What Makes up the Gist of Abnormality in Mammograms?

Poster Presentation 53.319: Tuesday, May 21, 2024, 8:30 am – 12:30 pm, Banyan Breezeway
Session: Scene Perception: Ensembles, natural image statistics

Karla Evans1 (), Cameron Kyle-Davidson1; 1University of York

Humans have rapid access to global structural and statistical regularities which allows them to extract the “gist” of an image, central to efficient assessment and orienting in complex environments. This ability is most likely based on our experience with the regularities of the natural world. Mammograms can be thought of as a specialized class of scenes and radiologists as experts who have tuned their visual system to regularities in these unusual scenes. Consequently, we have found that the gist of the abnormal in radiographs, viewed only for 500 milliseconds, allows radiologists to detect the presence of disease independent of the locus of any lesion and up to 3 years before the onset of cancer. Using three different approaches to image analysis we aimed to determine the textural components which contribute to the gist signal.
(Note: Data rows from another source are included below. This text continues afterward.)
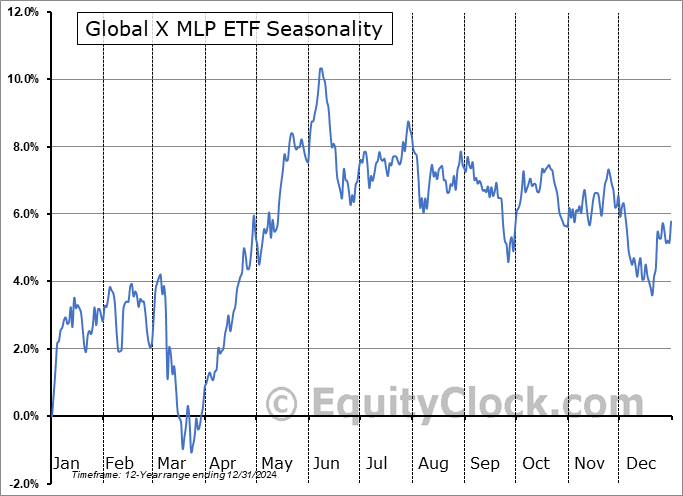 Global X MLP ETF (AMEX:MLPA) Seasonal Chart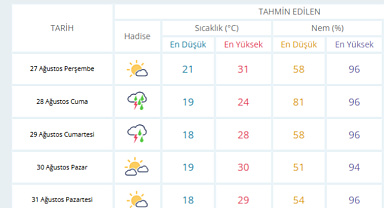 SAKARYA’YA SERİN VE YAĞIŞLI HAVA GELİYOR: CUMA VE CUMARTESİYE DİKKAT!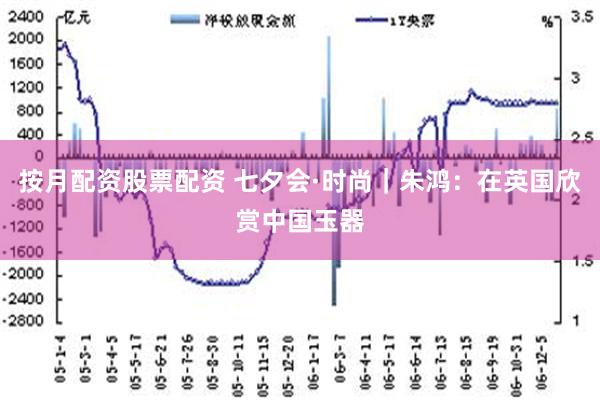 按月配资股票配资 七夕会·时尚｜朱鸿：在英国欣赏中国玉器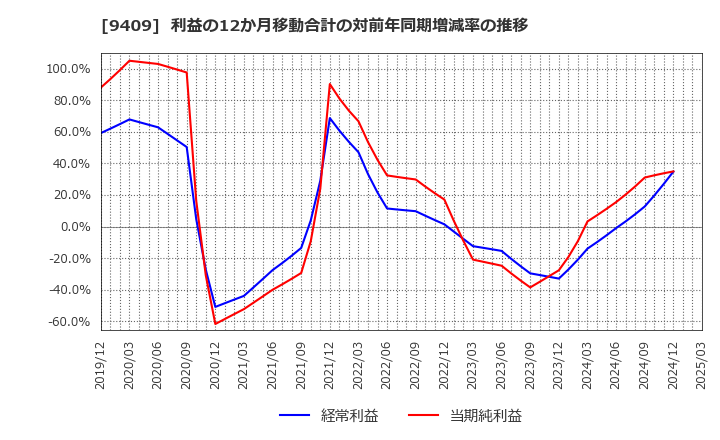 9409 (株)テレビ朝日ホールディングス: 利益の12か月移動合計の対前年同期増減率の推移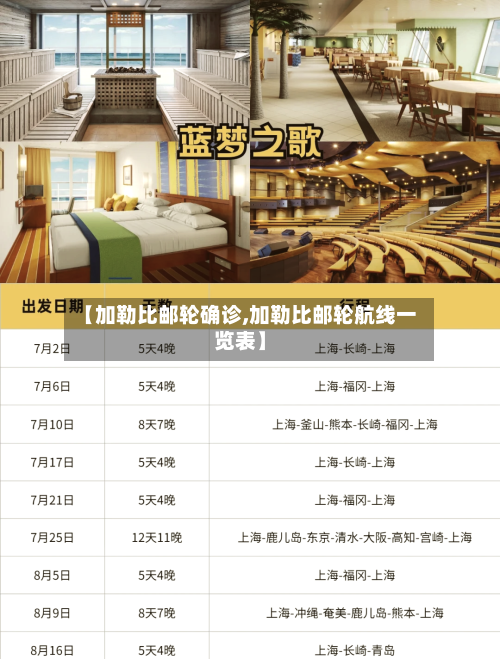 【加勒比邮轮确诊,加勒比邮轮航线一览表】-第2张图片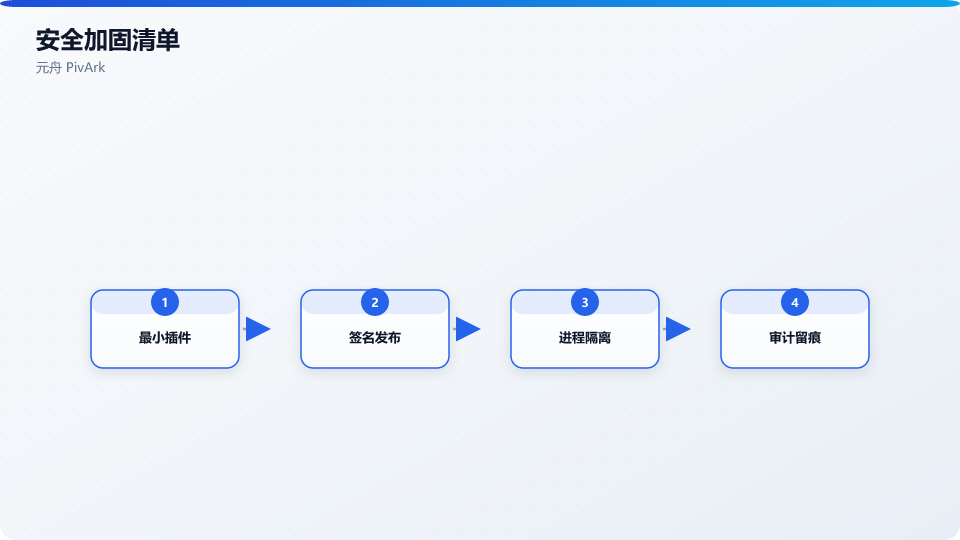 CMS 选型安全自检(示意)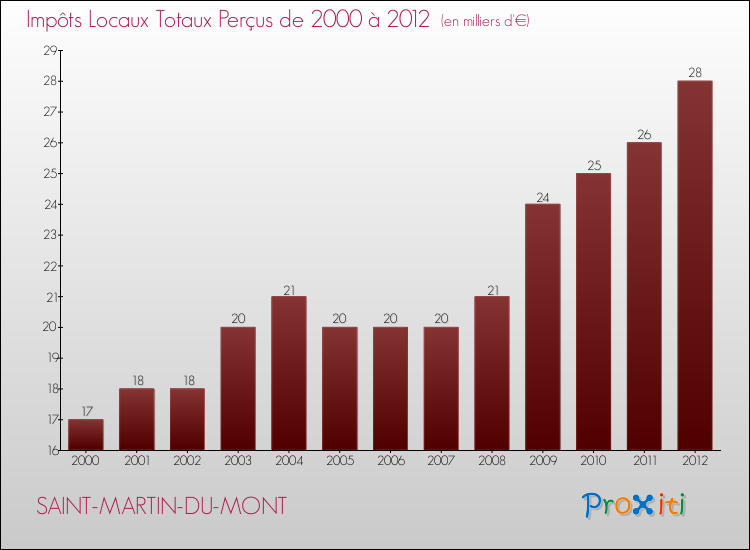 Evolution des Impôts Locaux pour la commune de SAINT-MARTIN-DU-MONT de 2000 à 2012 Evolution des Impôts Locaux pour SAINT-MARTIN-DU-MONT de 2000 à 2012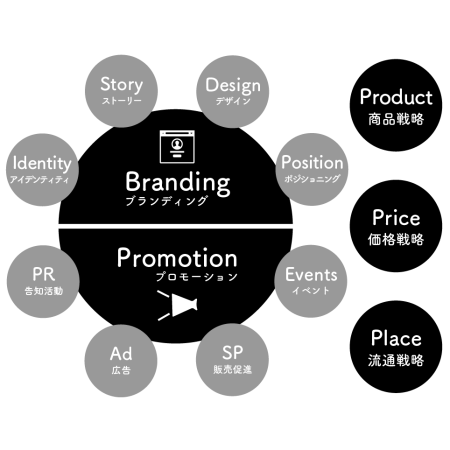 conseput_marketing_bw-2-sq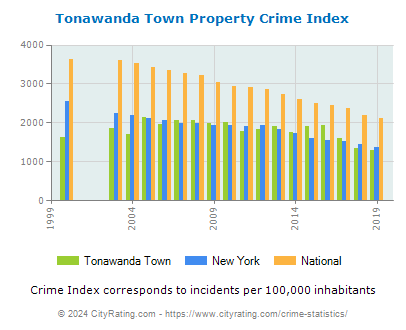 Tonawanda Town Property Crime vs. State and National Per Capita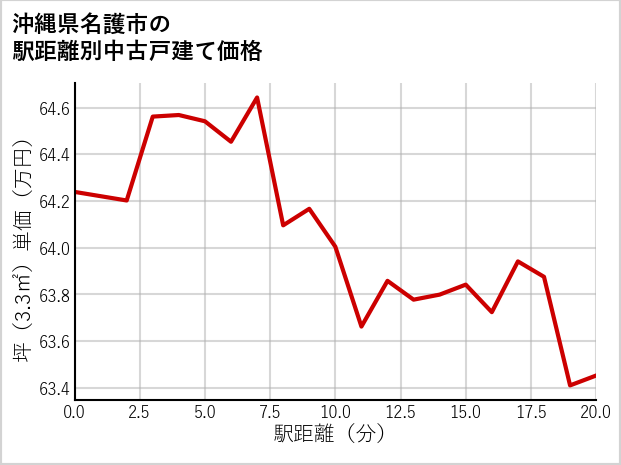 沖縄県名護市の徒歩距離別の中古戸建て坪単価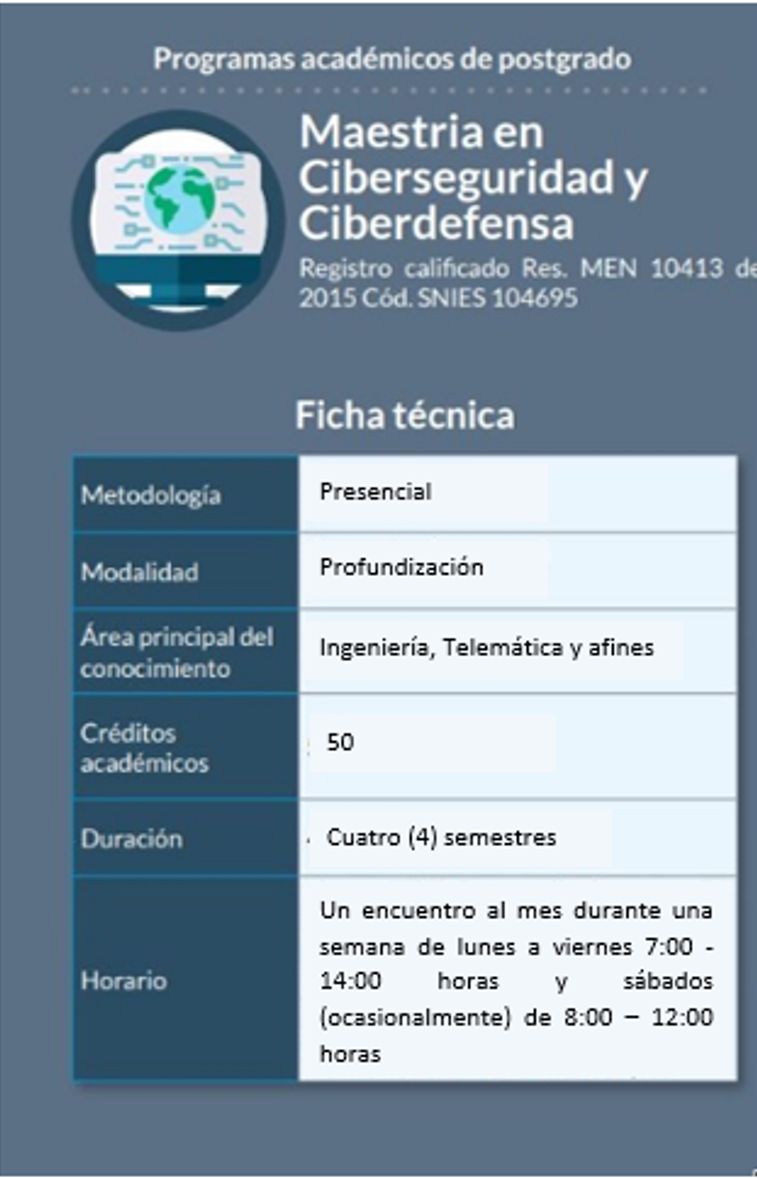 Perfil de ingreso
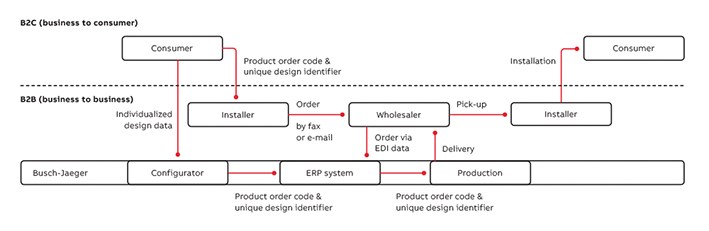 03 Integrated value network, tied together by globally unique product and order identification.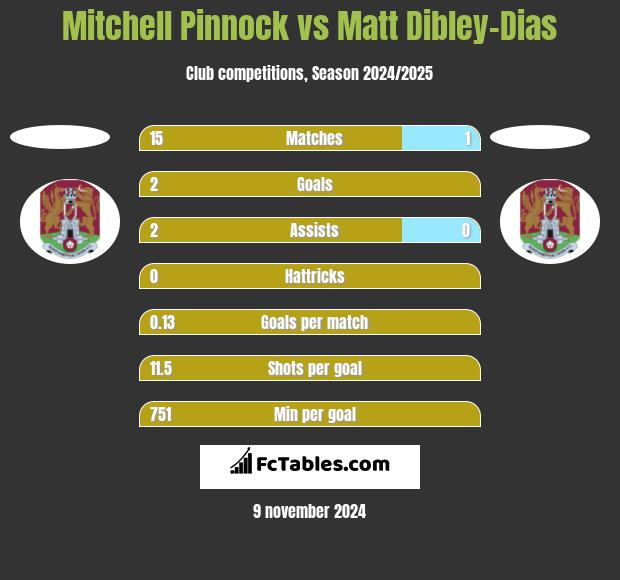 Mitchell Pinnock vs Matt Dibley-Dias h2h player stats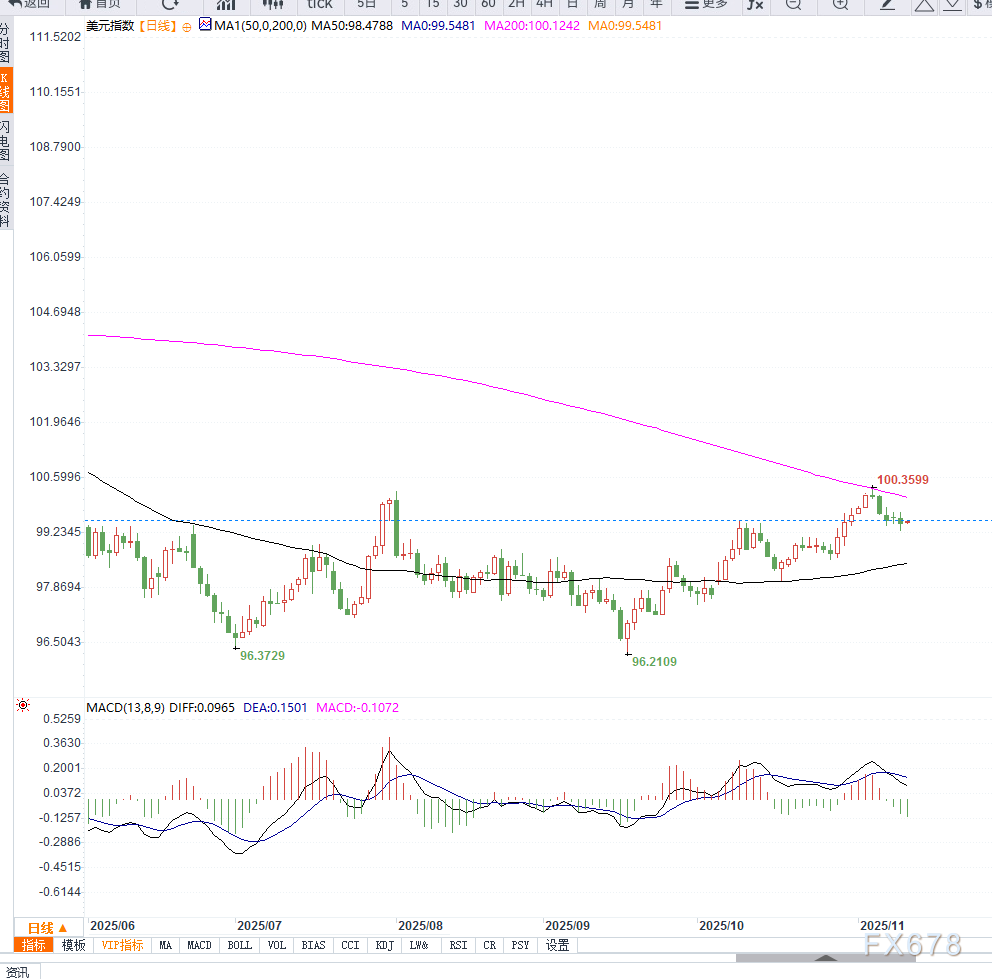 美国政府停摆结束预期提振美元指数至99.55，但降息押注或限制上行空间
We first computed the mammographic power spectrum via the Fourier transform of patches drawn from the parenchyma. Secondly, we employed a radiomics toolkit to compute 90 different textural features related to cancer. Thirdly, we used Portilla-Simoncelli analysis to identify differences across different textural scales. For frequency data, we compared spectra directly,and using machine learning techniques identified frequencies which appear most important for dividing normal from abnormal data. Within the radiomic feature spaces, we used the same process to identify the most important radiomic features. As the textural meaning of these features is obfuscated, we synthesized artificial mammograms which display a heightened degree of important radiomic markers, and pass them through a deep neural network trained to classify mammographic patches. This reveals the contribution of these radiomic features to abnormality, and their textural impact. Finally, through Portilla-Simoncelli modeling, we find significant differences across scales. Together, these metrics are indicative of where in the texture the experts’ visual system is tuning to the gist of the abnormal.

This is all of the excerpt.